= Russ Klein =

American business executive

Russell "Russ" Klein is an American business executive. He was the CEO of the American Marketing Association from 2014 to 2021. He has also directed the marketing operations of brands such as Burger King, 7-Eleven, Arby's, and Dr. Pepper/7UP.

== Education ==
Klein attended The Ohio State University Fisher College of Business and graduated in 1979 with a degree in business administration. He later graduated from the Harvard Business School Advanced Management Program in 1998. Klein is a recipient of Ohio State University's Fisher College of Business Distinguished Alumnus Award.

== Career ==
After graduation, Klein was hired by Liggett Stashower, a Cleveland-based advertising agency. He went on to join advertising companies Leo Burnett and Foote, Cone & Belding, where he supervised accounts including United Airlines, Gatorade, MaytagKimberly-Clark, and McDonald’s.

In 1987, Klein was named head of marketing for Seven-Up USA at age 29. He helped develop and introduce Cherry 7UP.

In 2002, Klein became Chief Marketing Officer at 7-Eleven before joining Burger King the following year.

At Burger King, Klein served as President of Global Marketing, Strategy, and Innovation.

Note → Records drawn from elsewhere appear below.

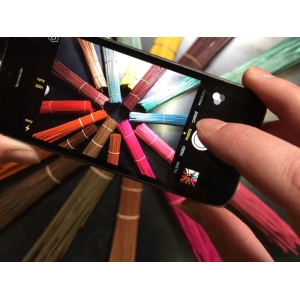 Paille de seigle couleur Brique - 50g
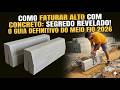 Como fazer meio fio de concreto e faturar alto na sua cidade (Passo a Passo)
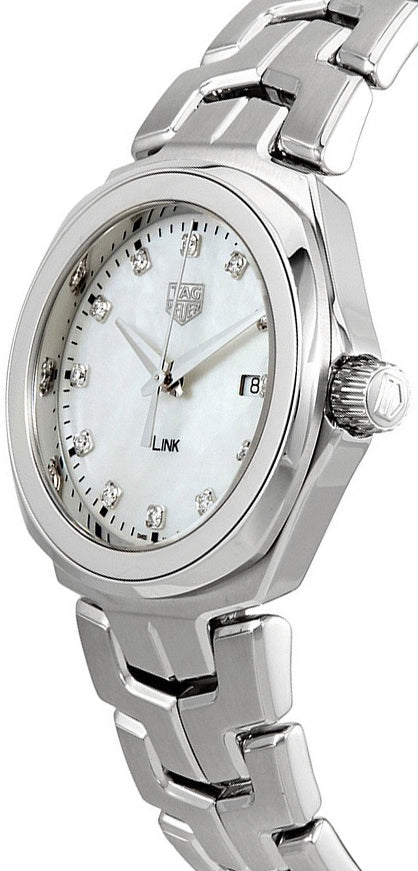 Tag Heuer Link Quartz Diamonds Mother of Pearl Dial Silver Steel Strap Watch for Women - WBC1312.BA0600 Buy Now By Tag Heuer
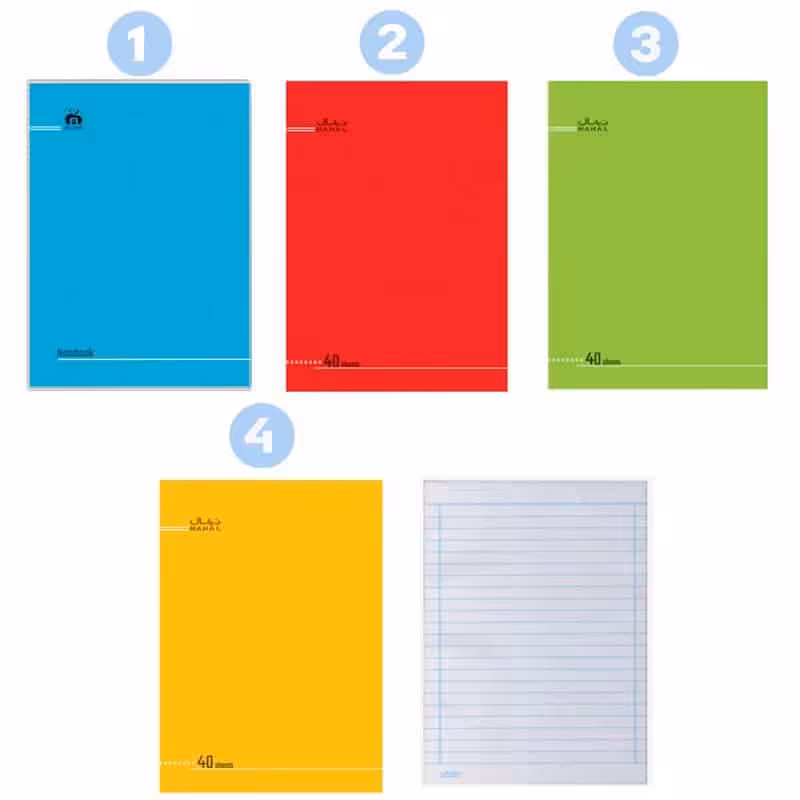 دفتر مشق 40 برگ با جلد 1402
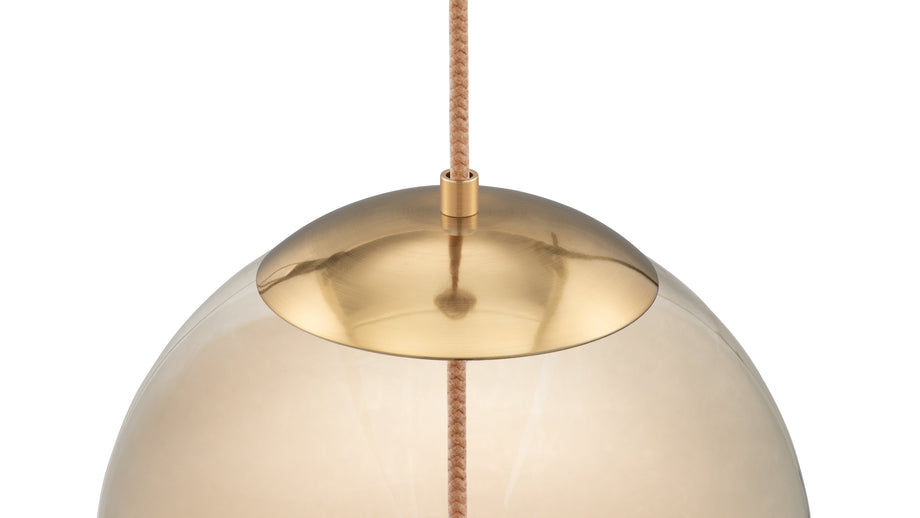 GenfGeneva - Geneva Sphere Pendant, Amber Glass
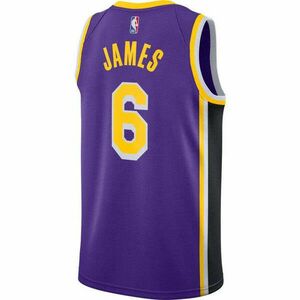 Jordan x nba lebron james los angeles lakers statement 20 swingman jersey kosárlabda mez férfi lila 3xl kép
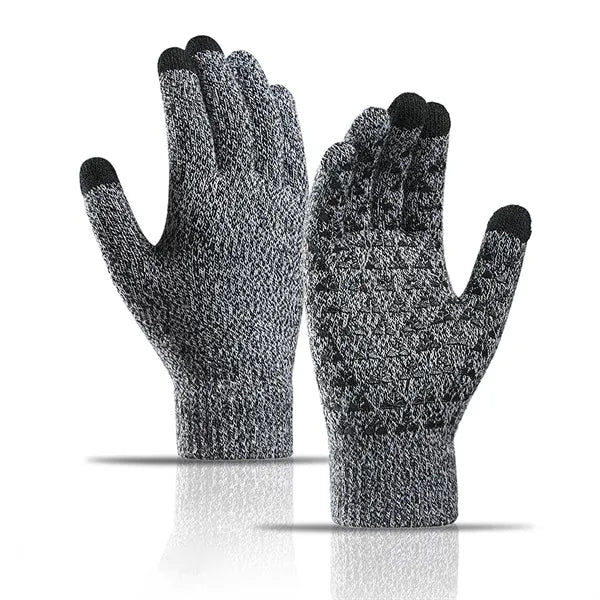 Acrylic Touchscreen Gloves with Fleece Lining & Grip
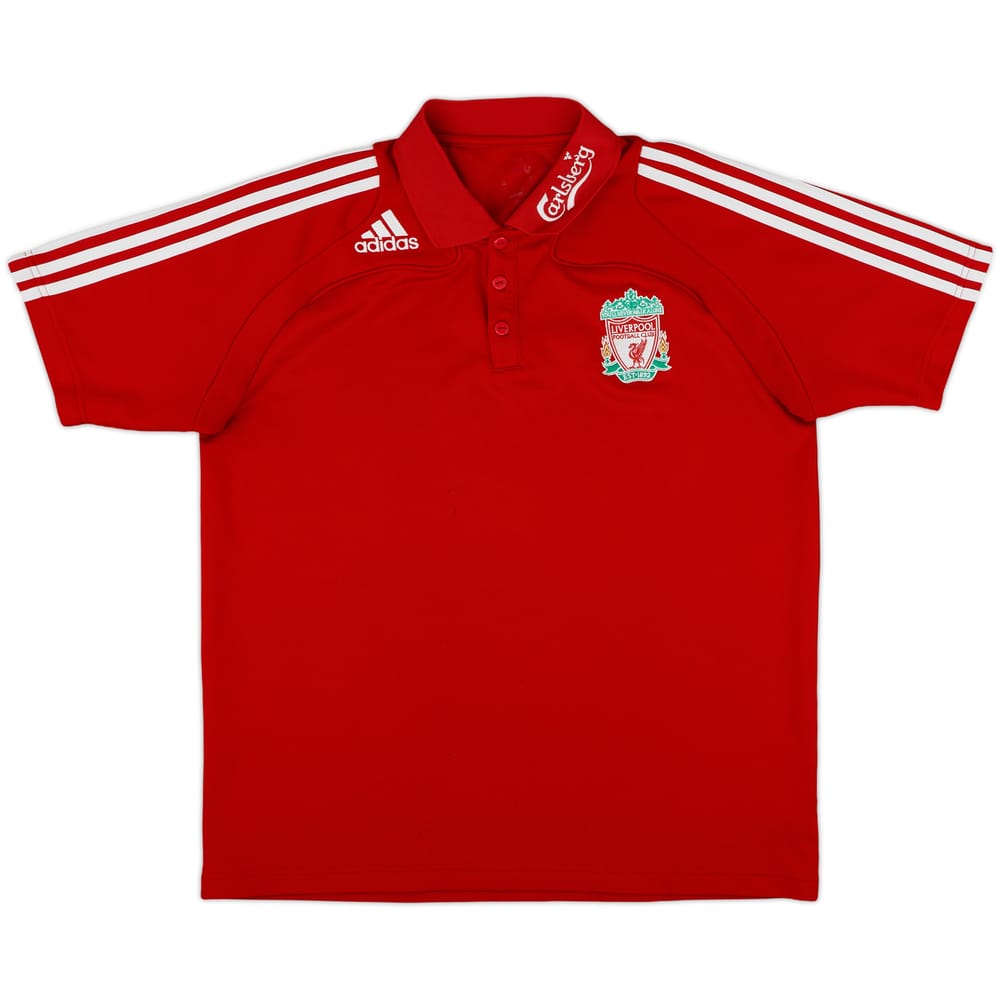2008-09 Liverpool adidas Polo Shirt - 8/10 - (L)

Under Klein's leadership, the company was named by Adweek as “The Advertiser of the Decade” for the 2000s.  Klein also oversaw the development of Burger King's "Subservient Chicken" campaign, which was recognized by several publications including The New York Times, The One Show, and The Wall Street Journal  as one of the best ads of  the 2000s.

Klein was also responsible for Burger King's "Whopper Freakout" advertising campaign, which won a Grand Effie, the top award for marketing effectiveness.

In 2012, Klein became Chief Marketing Officer at Arby's.

Klein served as CEO of the American Marketing Association in 2014 to 2021.